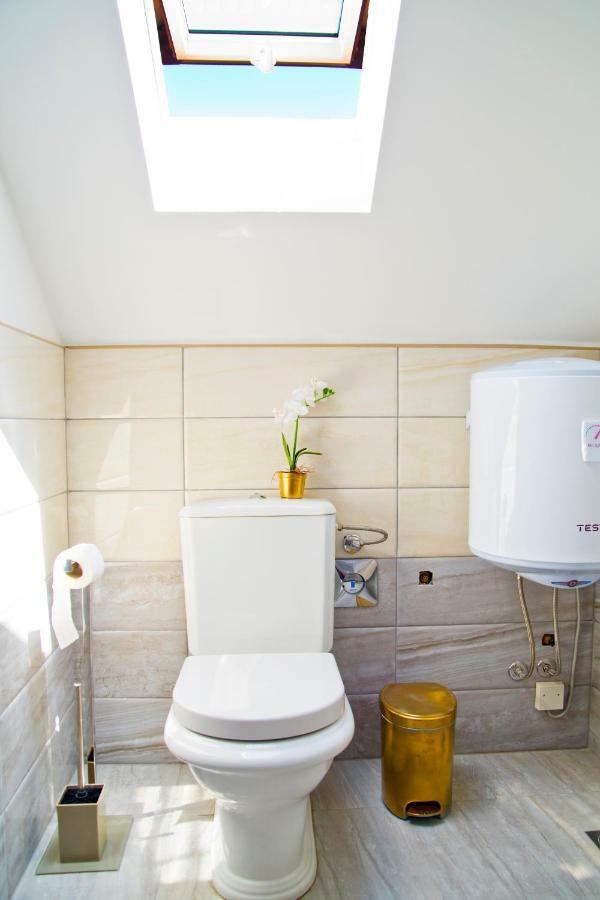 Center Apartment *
---
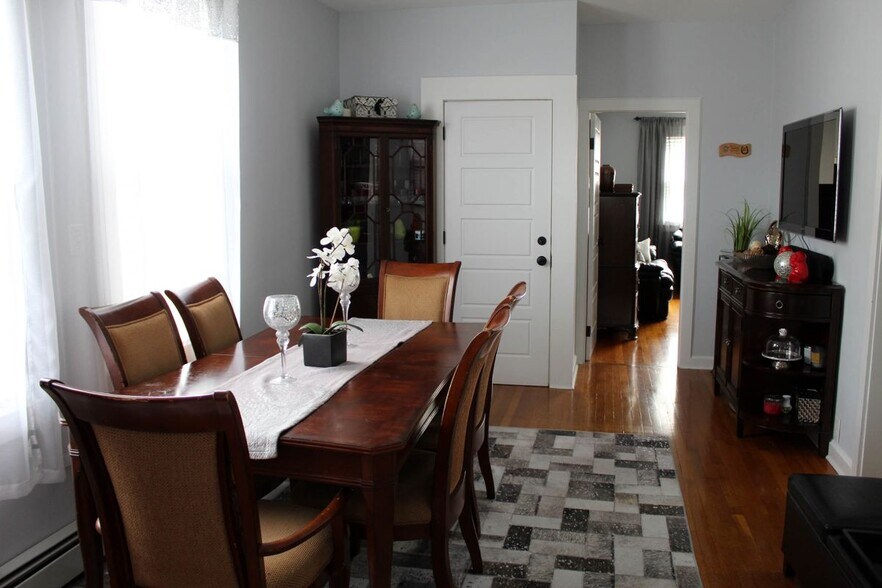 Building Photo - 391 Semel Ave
* * *
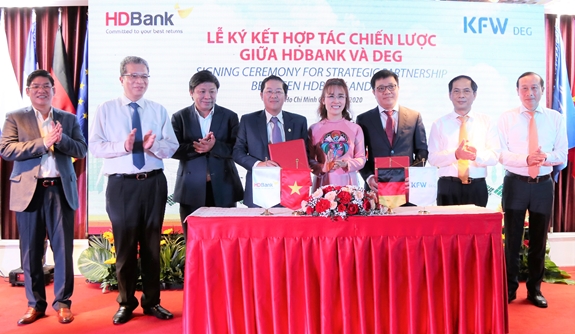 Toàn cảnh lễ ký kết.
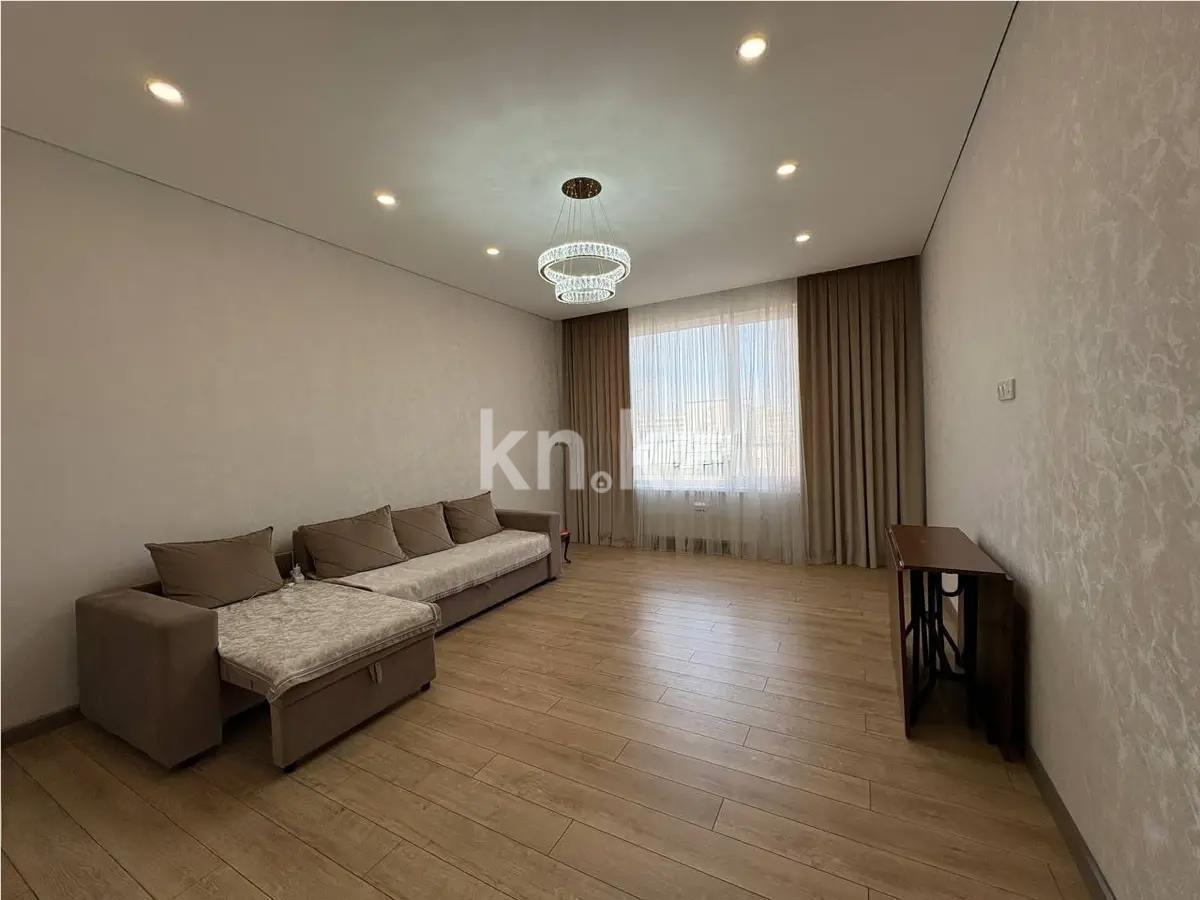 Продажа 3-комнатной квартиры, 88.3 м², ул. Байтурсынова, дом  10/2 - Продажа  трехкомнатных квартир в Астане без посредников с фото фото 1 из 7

Task description:
Each line above starting at the one holding "Toàn cảnh lễ ký kết." and ending at the one holding "Продажа 3-комнатной квартиры, 88.3" should be set down exactly as it stands, both ends included, with no pictures.

Your solution:
 Toàn cảnh lễ ký kết.
 Продажа 3-комнатной квартиры, 88.3 м², ул. Байтурсынова, дом  10/2 - Продажа  трехкомнатных квартир в Астане без посредников с фото фото 1 из 7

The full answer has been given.